A survey produced by the United Nations Economic and Social Commission for Asia and the Pacific (UNESCAP) has said that while China has often been criticised for its trade surplus, its low-priced exports have actually helped hold down world inflation.
Between 2001 and 2005, the country's exports helped reduce the annual inflation rate in the United States by 0.28 percentage points, in the European Union by 0.37 percentage points, and in Japan by 0.65 percentage points, the UNESCAP economic and social survey of Asia and the Pacific, which was released on Wednesday, said.
China is now responsible for about 90 percent of the world's toy exports, 50 percent of its apparel exports and 16 percent of its exports of consumer electronics.
In addition, its purchase of US assets helped reduce US interest rates by about 0.15 percentage points during the period, the survey said.
However, the survey said that China's imports in the energy sector has pushed up world inflation by increasing commodity prices. Its huge demand for oil, for example, contributed to a 22.5-percent increase in the world oil price between 2001 and 2005.
In total, China's imports of energy resources helped boost the annual inflation rate in the US by 0.23 percentage points, in the EU by 0.35 percentage points, and in India by 1.11 percentage points, over the period 2001 to 2005.
The country accounts for 45 percent of the world's cement imports and 20 percent of its aluminium and copper imports.
It is also now ranked as the world's third largest trader, having experienced a sevenfold increase in trade since 1990.
While China's labor-intensive manufacturing processes pose a serious export challenge to countries with similar production methods in the region, the survey said that there remain wide-ranging opportunities for Asian and Pacific countries to export technology-intensive intermediate products to China.

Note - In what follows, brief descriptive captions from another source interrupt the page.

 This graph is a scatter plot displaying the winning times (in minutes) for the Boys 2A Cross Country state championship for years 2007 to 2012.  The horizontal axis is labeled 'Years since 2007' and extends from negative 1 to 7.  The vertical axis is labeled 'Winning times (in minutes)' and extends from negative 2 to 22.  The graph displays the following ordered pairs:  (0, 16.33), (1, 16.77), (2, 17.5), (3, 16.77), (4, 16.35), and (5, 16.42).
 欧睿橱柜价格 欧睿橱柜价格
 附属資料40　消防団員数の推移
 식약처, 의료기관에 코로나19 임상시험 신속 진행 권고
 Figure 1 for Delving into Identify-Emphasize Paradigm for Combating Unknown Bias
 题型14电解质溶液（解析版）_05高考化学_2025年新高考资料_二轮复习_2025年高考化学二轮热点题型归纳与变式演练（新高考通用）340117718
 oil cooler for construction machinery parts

"High and middle-income regional economies have great opportunities to export to China. The highest overlap is for Japan, the Republic of Korea and Singapore, followed by the middle-income ASEAN economies of Thailand and Malaysia," the survey said.

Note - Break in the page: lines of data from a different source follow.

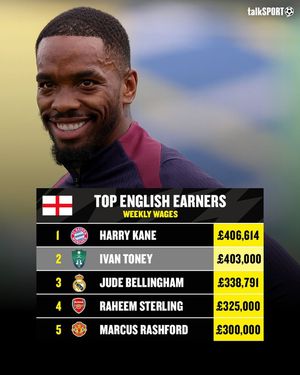 Image post by @talksport on Instagram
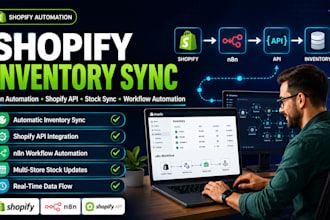 automate shopify inventory sync setup n8n automation shopify api integration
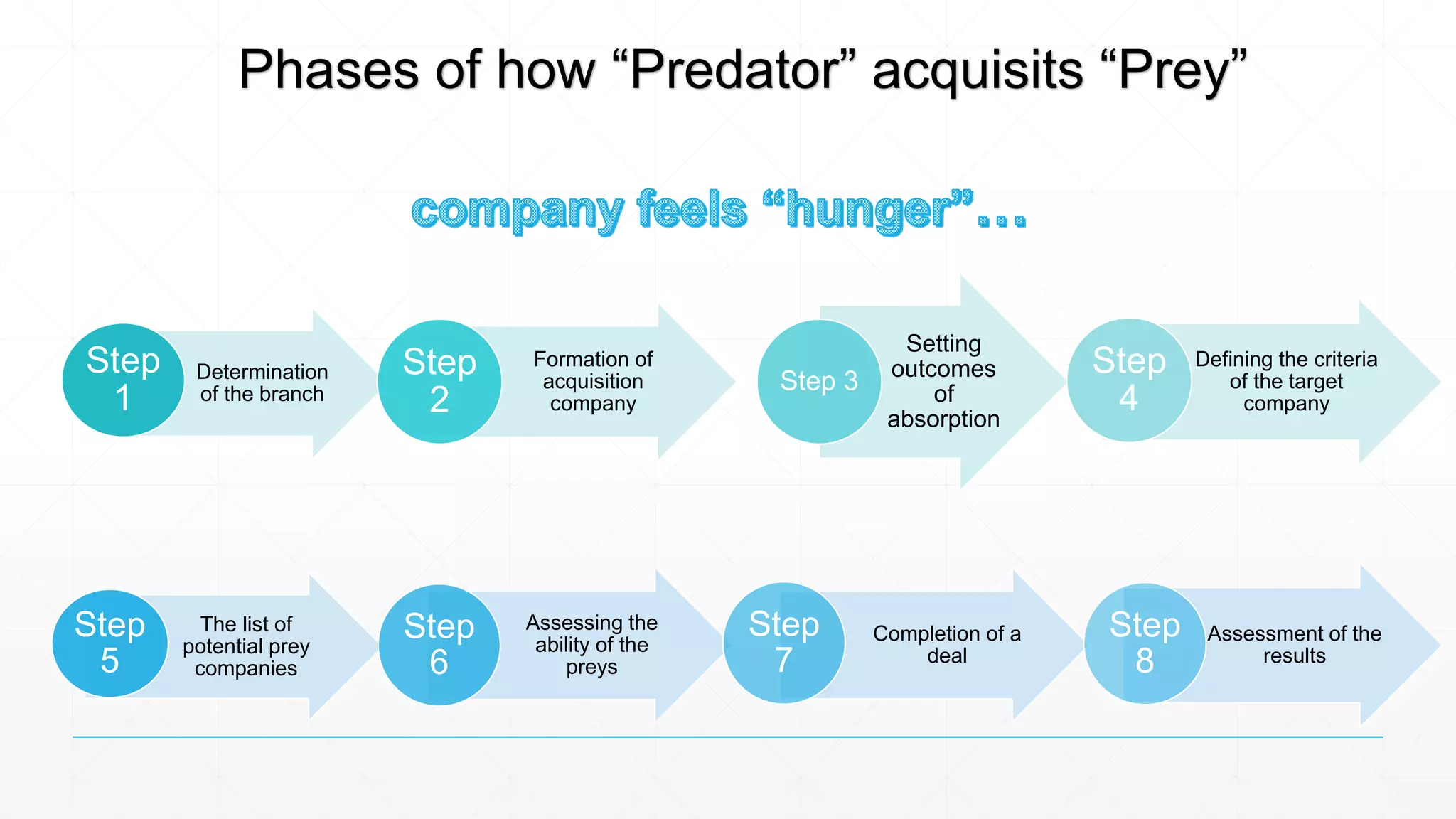 Determination
of the branch
Step
1
Formation of
acquisition
company
Step
2
Setting
outcomes
of
absorption
Step 3
Defining the criteria
of the target
company
Step
4
The list of
potential prey
companies
Step
5
Assessing the
ability of the
preys
Step
6
Completion of a
deal
Step
7
Assessment of the
results
Step
8
Phases of how “Predator” acquisits “Prey”
 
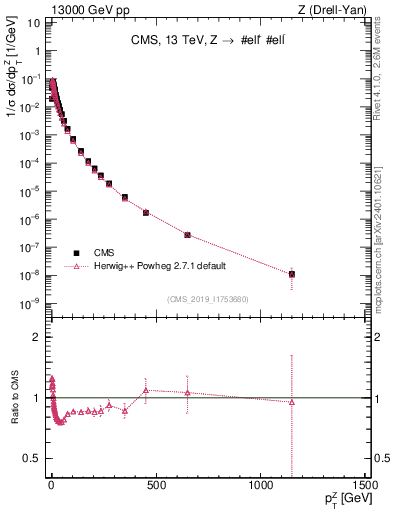 Plot of z.pt_norm in 13000 GeV pp collisions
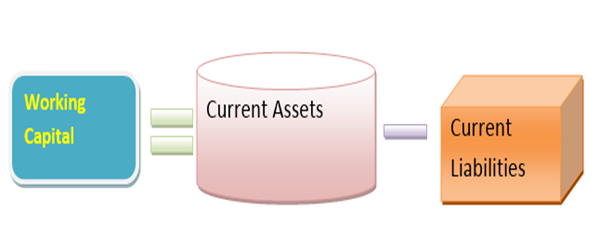 Introduction Of Funds Flow Statement In Management Accounting By Dr Devika Bhatnagar Youtube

Based on purchasing power parity, the survey ranked China as the world's second largest economy and estimated its economic growth last year contributed one-third of the world total.
However, the survey said that China'sGDPgrowth might decrease to 9.9 percent this year, with exports and export-based investments being the major driving forces.

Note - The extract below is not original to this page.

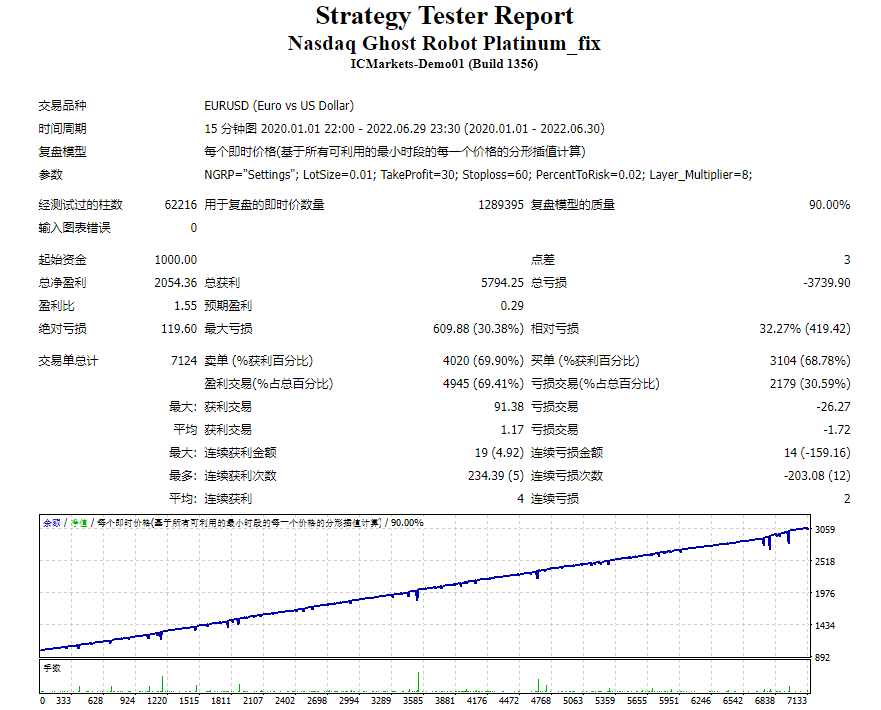 NASDAQ GHOST ROBOT MT4 FILES测评-EA侦探社 - 全球领先的MQL5官网外汇EA机器人MT4自动化交易EA资源免费分享网站
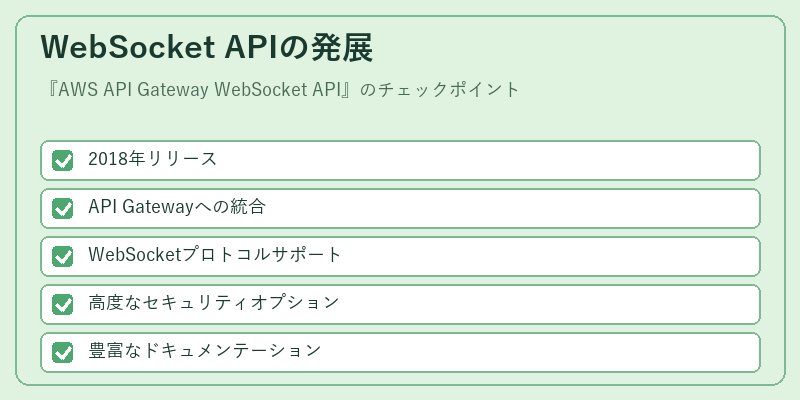 WebSocket APIの発展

However, the further appreciation of the yuan and weak electronic demand would reduce exports, while a tighter domestic policy would slow investment, the survey said.
The survey also warned that China's growth relies excessively on exports and export-related investments, while private consumption had declined to a record low.
Domestic consumption accounted for 60 percent of GDP between 1990 and 1996 and 52 percent in 2005, 27 percent lower than the world average.
To boost these figures, UNESCAP said the central government should encourage people to reduce their precautionary savings by investing more in education, pensions and healthcare. It should also try to increase consumer borrowing.
However, Wang Huijiong, an expert with the development research center under the State Council, said that the country currently lacks a mature fiscal and financial system that would ensure the sound management of consumer borrowing.
He said that bringing personal income in line with GDP growth, especially for people in rural areas, would provide the most effective solution to falling domestic consumption.